The PRISMA flow diagram involved five (5) phases, as shown in Fig. 1. Phase 1 consists of outlining the review scope, developing questions, and inclusion or exclusion. Phase 2 searches the literature with keywords to identify potential studies. Phase 3 includes determining the addition of a paper by screening its abstracts if it meets inclusion criteria. While phase 4 includes characterisation of paper for mapping by keywords. This review aimed to document an overview of research in the field of electric load forecasting to make way for future studies. As a result, a fifth (5) step offers an in-depth quantitative synthesis (meta-analysis) of studies included in the review.

Our search of literature retrieved one hundred and one (109) papers from online journals and eleven (11) from under sources, making one hundred and twelve (120) records in all (see Fig. 1). Of the 120 records, 21 were duplicates, hence, removed leaving ninety-one (99) record shortlisted for the screening stage. At the screening stage, fifteen (15) records were removed; thus, studies that were not related to electrical energy, and those that the primary publication language was not in English. Leaving eighty-four (84) records, of the 84 records, we further remove five (5) more records that were published before the year 2010, two (2) record omitted due to overlapping, this reduced eligible papers for analysis to seventy-seven (77). The 77 papers were used for the qualitative analysis. Ten (10) records that presented a review of electric load forecasting were also removed, and the remaining (67) were used for the quantitative analysis, as shown in Fig. 1.

Results and discussion

Electrical energy consumption can be classified as residential (domestic), commercial (non-residential), or industrial. Residential or domestic refers to the home or a dwelling where people globally live from day-to-day. At the same time, commercial consumers are the business and industries that require massive supply than residential users for their businesses [27]. Selected literature was on electric load forecasting was classified into two main categories AI methods and engineering methods. However, each category was further grouped into residential and commercial or combined (residential and commercial), and the outcomes are presented. A total of seventy-seven (77) papers were eligible for the qualitative analysis, while sixty-seven (67) were included in the quantitative analysis, as already discussed above in this study.

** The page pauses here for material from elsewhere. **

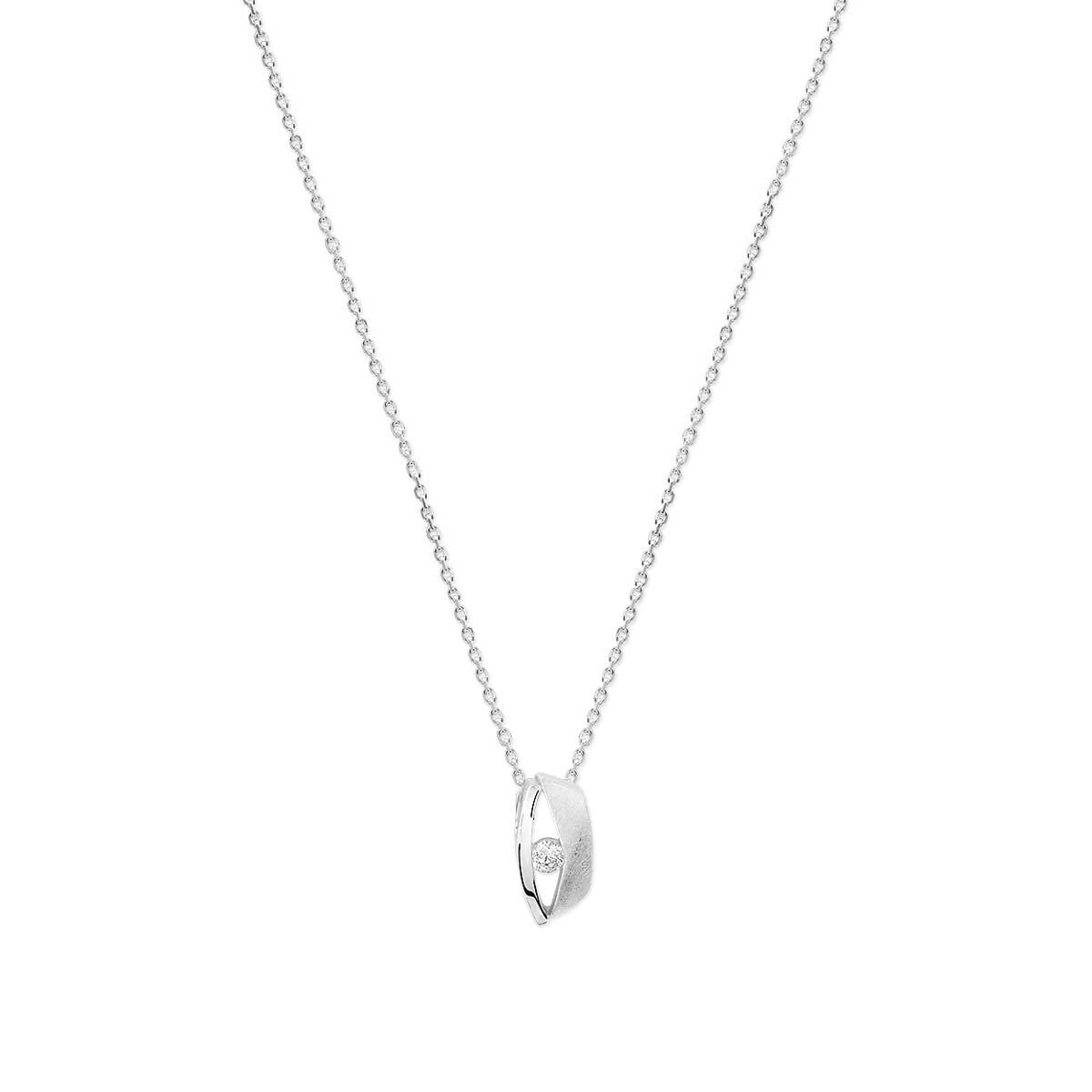 Fantasy Collection Collier Zirkonia Gerhodineerd Zilver 1340068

AI methods used in electrical energy demand forecasting

This section presents the studies that were based on AI techniques.

Combined (commercial and residential)

Most works on EED forecasting sought to forecast the total load (residential and commercial) demand on the supplying authority. This section presents the selected studies that fell in this category of electric load forecasting.

Hybrid models

In a way to harness the strength in different machine learning techniques, some researchers sought to hybrid two or more ML techniques to improve the forecasting accuracy of their models.

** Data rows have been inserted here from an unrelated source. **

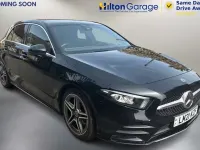 Begagnad Mercedes A200 AMG line 2021 Svart Halvkombi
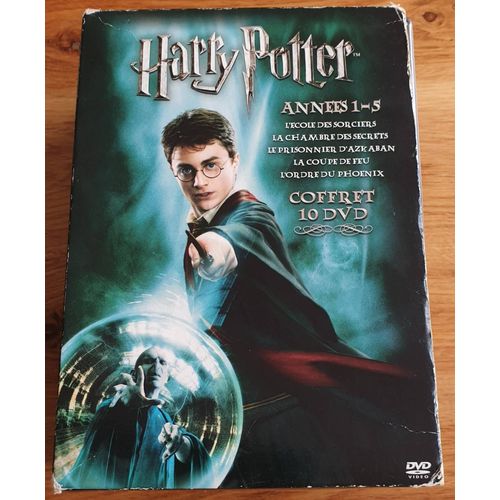 Coffret Dvd Harry Potter Années 1-5 10 Dvd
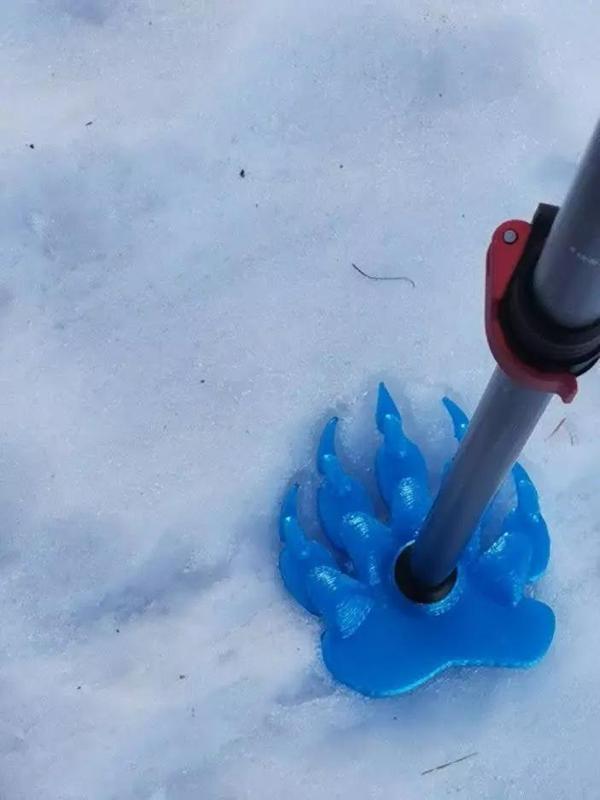 Bear PowPaw - Ski Pole basket with bear footprint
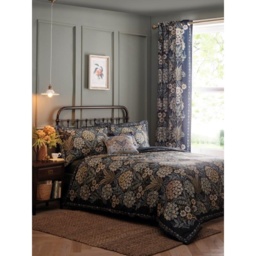 Appletree Evelina Duvet Set - Navy - Double - thumbnail 1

A short-term (next-day) EED forecasting model based on the historical meteorological parameter to forecast the future load on the Greek Electric Network Grid using Support Vector Machine (SVM), ensemble XGBoost, Random Forest (RF), k-Nearest Neighbours (KNN), Neural Networks (NN) and Decision Trees (DT) was proposed by [28]. The mean absolute percentage error (MAPE) was used as a performance metric for comparison among selected models by the author. The study achieved a reduction in prediction error or + 4.74% compared with the Operator of the Electricity Market in Greece predictions. In other studies [29], long-term (10 years) EED forecasting using NN and Autoregressive Integrated Moving Average (ARIMA) was proposed to forecast the EED of Kuwait. Weather temperature and humidity, average salary, gross domestic, oil price, population, residence, passengers, currency earning rate, and economic factors like (total import and export in USD) were used as independent variables. The study concluded that NN outperformed ARIMA and weather parameters were found to be more significant than average salary, gross domestic and oil price.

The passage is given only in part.